About seven years ago, housing was booming, and the stock market was climbing faster than most people could imagine. And seven years ago came a “pop,” a bust that reverberated around the world. Because that’s what bubbles do.
It surprises me every time the Federal Reserve Bank trots out its target inflation number of two percent. It shouldn’t—the bank operates like any other junkie. Growth is its drug.
But what surprises me is that Fed Chief, Janet Yellen thinks the memories of consumers are that short. She referred to inflation as one factor related to the lukewarm labor market at an economic conference Friday in Jackson Hole, Wyoming. In the bank’s estimation, based on the consumer price index calculated by the Bureau of Labor Statistics, inflation is running below its target.

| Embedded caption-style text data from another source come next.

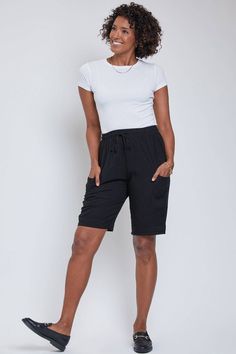 Our Women's Elastic Waist Bermuda With Patch Pockets. Go chic or casual, you can do it all with these ultra-versatile bermudas. Featuring drawstring waistband, big patch pockets, and cuffed hem. Inseam: 11” Rise (To top edge of band): 13” Leg Opening: 22” Composition - 100% Rayon Dry clean only. Drawstring Waistband, Egift Card, Patch Pocket, Elastic Waist, Elastic, Blue, Black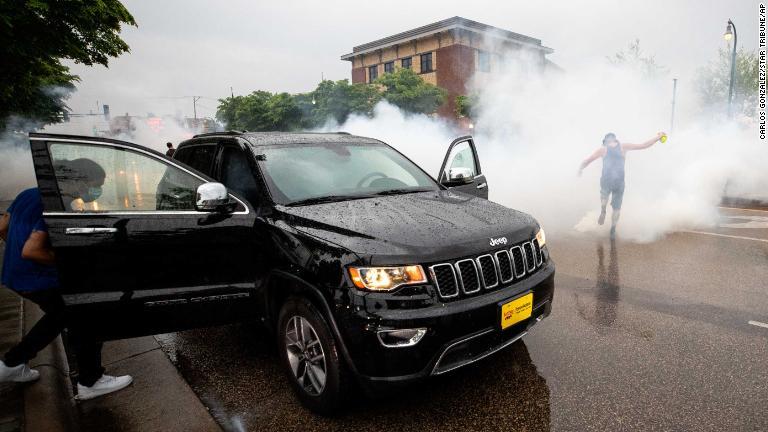 車両の近くで催涙ガスの煙が立ち上る/Carlos Gonzalez/Star Tribune/AP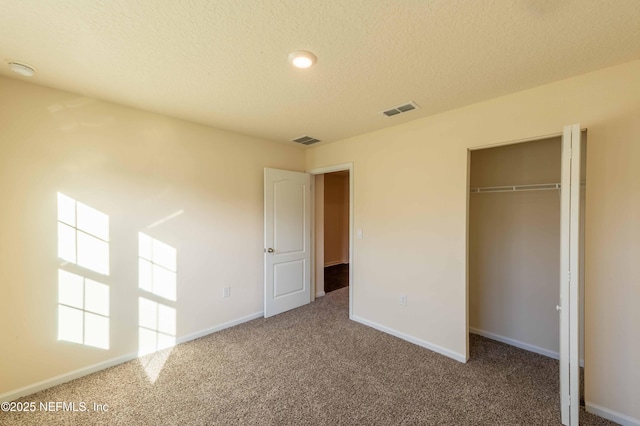 unfurnished bedroom featuring carpet, visible vents, and a textured ceiling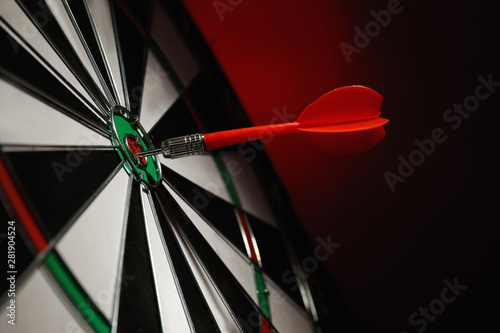 Color arrow hitting target on dart board against red background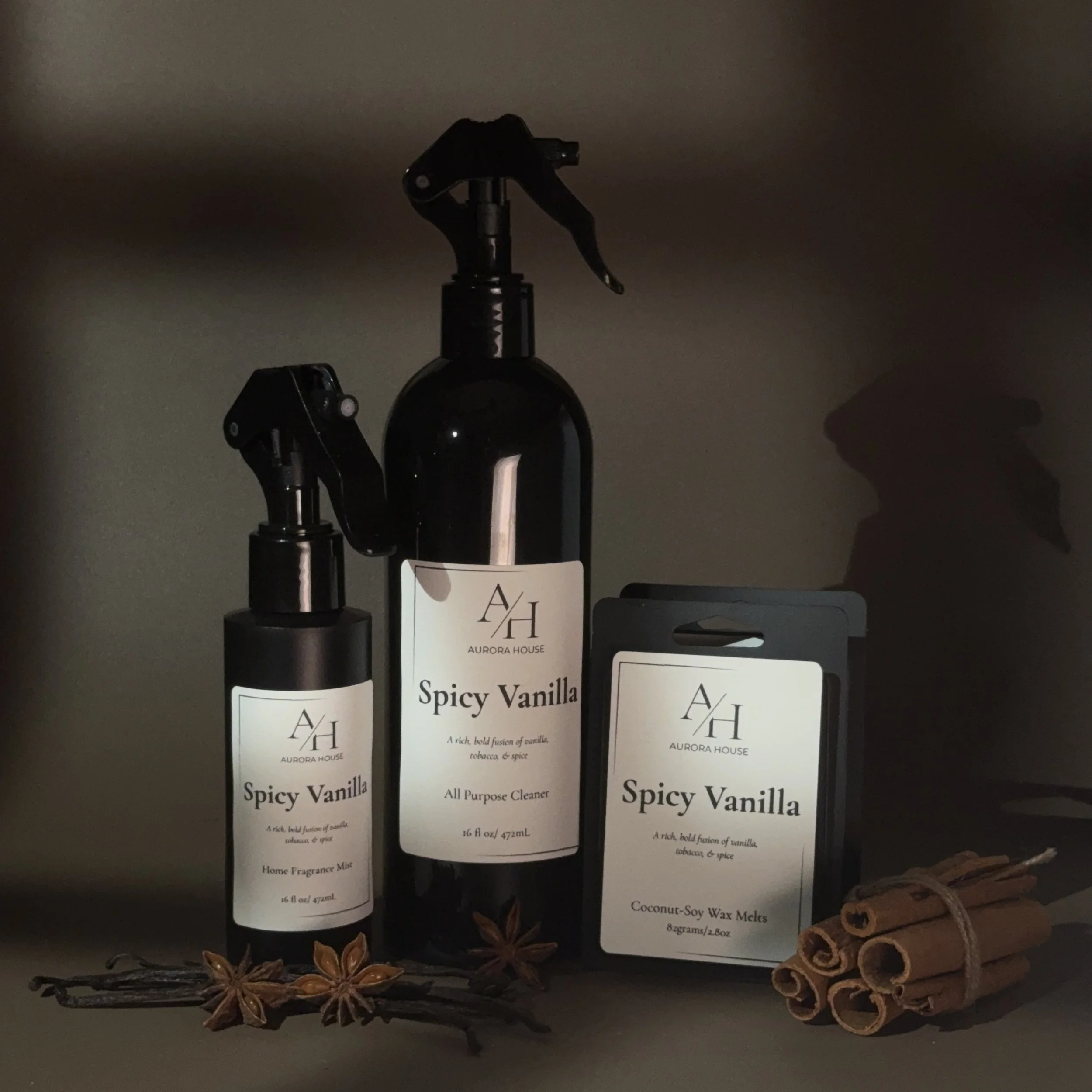 Bathroom shelf display of Aurora House Spicy Vanilla products including a home fragrance mist, all-purpose cleaner, and coconut-soy wax melts, with cinnamon sticks and star anise.
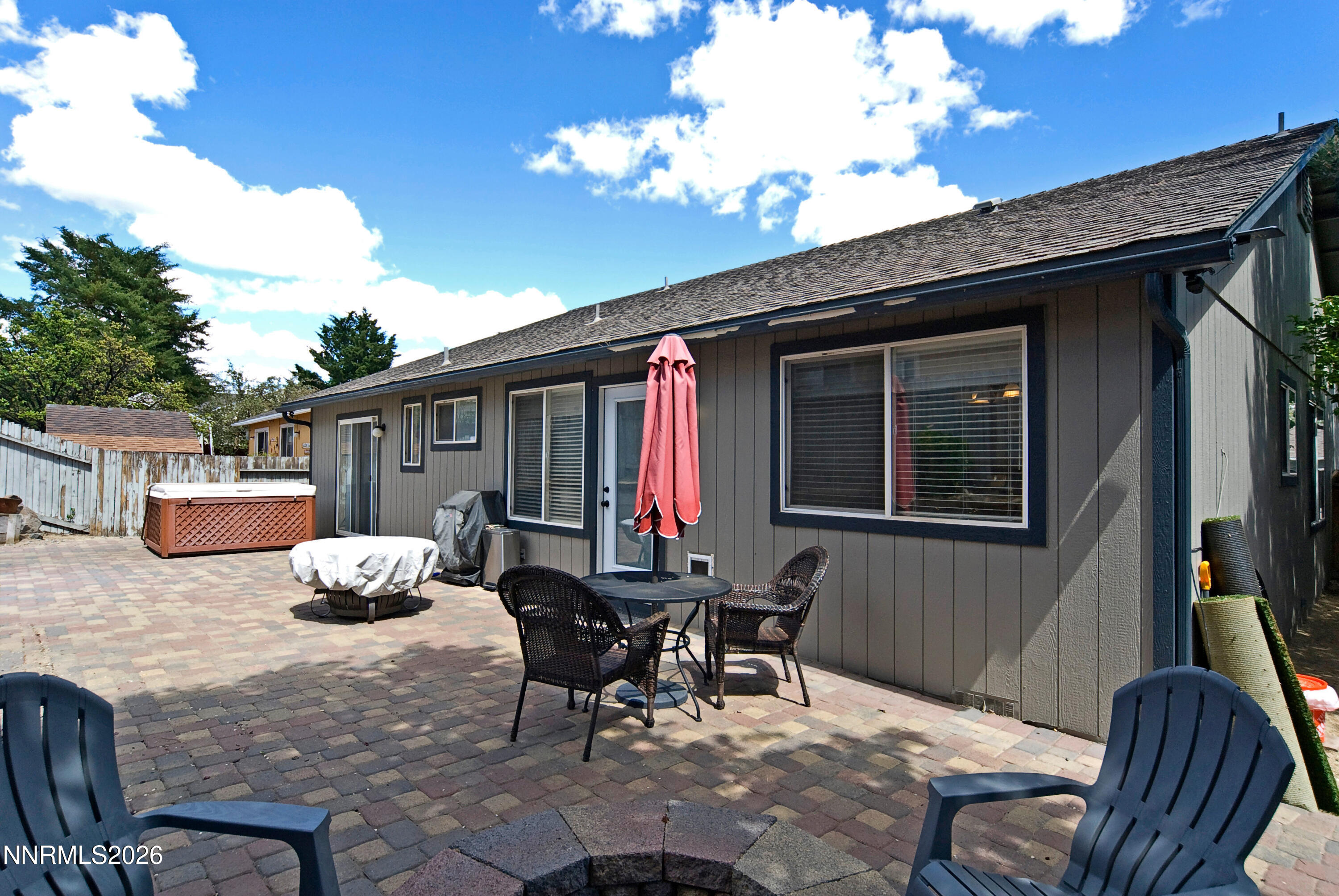 3289 Epic Avenue Reno, NV 89512 - Photo 28 of 32 a backyard of a house with outdoor seating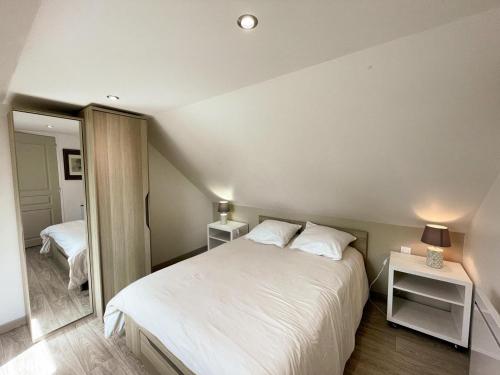 une chambre avec un grand lit blanc et un miroir dans l'établissement Charmant gîte à Chailles près de Blois avec jardin et WIFI - FR-1-491-468, à Chailles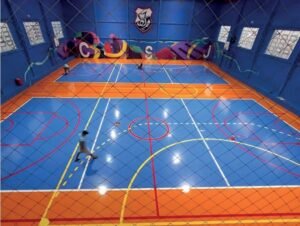 Quadra do ginásio poliesportivo do Colégio São José pintada em azul e laranja com o brasão na parede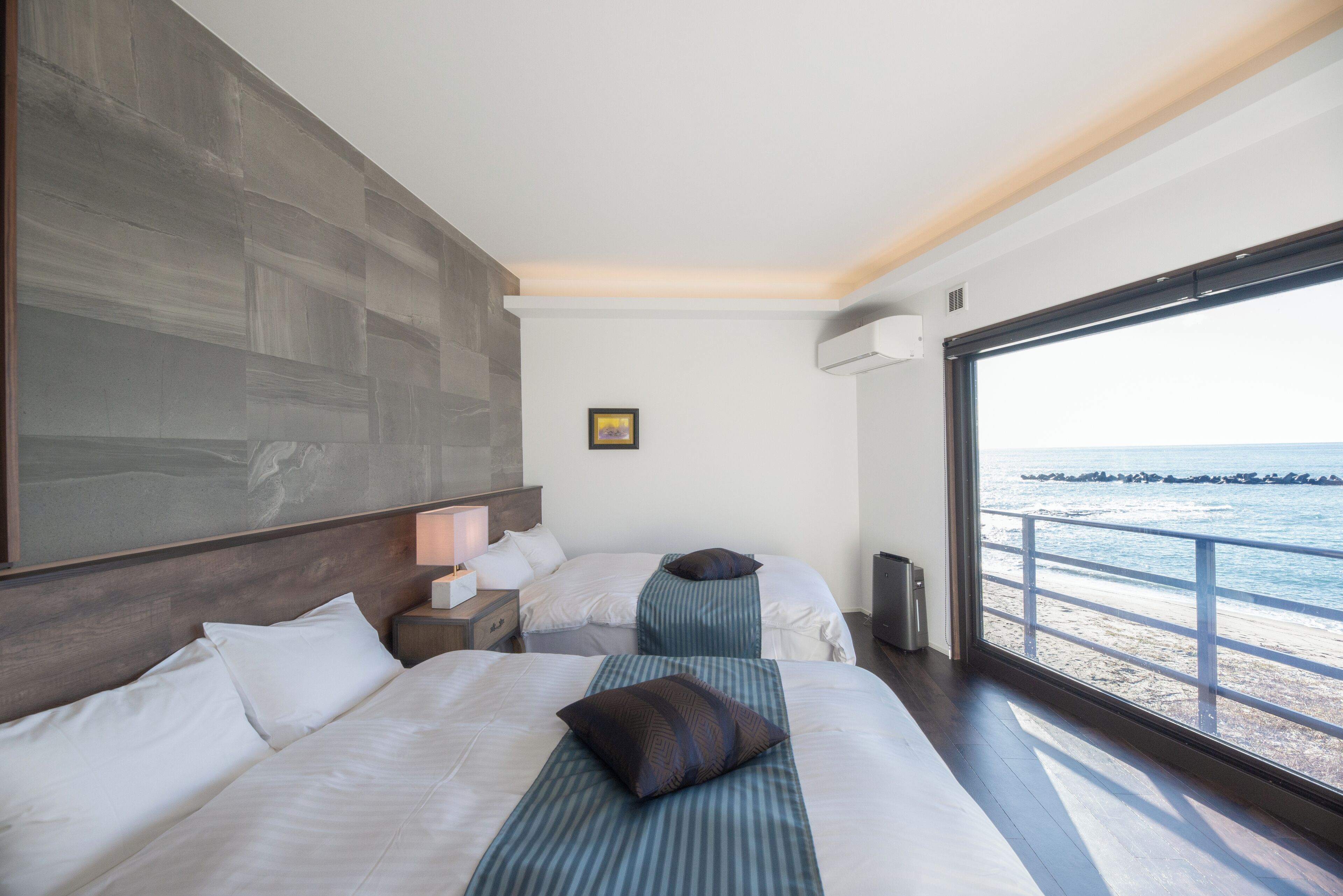 Une chambre d’hôtel avec deux lits, une grande fenêtre donnant sur la mer et un design moderne.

While items like cars and clothing—two items the BLS factors into the CPI—are relatively stable, anyone who buys groceries and gas feels the financial strain when they pay the bill. I don’t calculate inflation on my food whenever I shop, but I can read the receipt. It’s costing more money to buy less food these days.
Factor in the sleight-of-hand tricks Fed critics say the bank is so fond of, and it complicates the inflation picture further. Many will buy ground beef when the price of steak increases, for instance. The substitution method accounts for this swap, but it doesn’t account for the increase in the price of beef overall.
And the ice cream that used to be a half-gallon, but shrank even though the price didn’t change? What inflation? I don’t see any inflation, government officials and bankers say.
The central bank has hijacked the conversation on debt. It’s time we take it back and reverse course before we hit the Great Recession II. Or worse.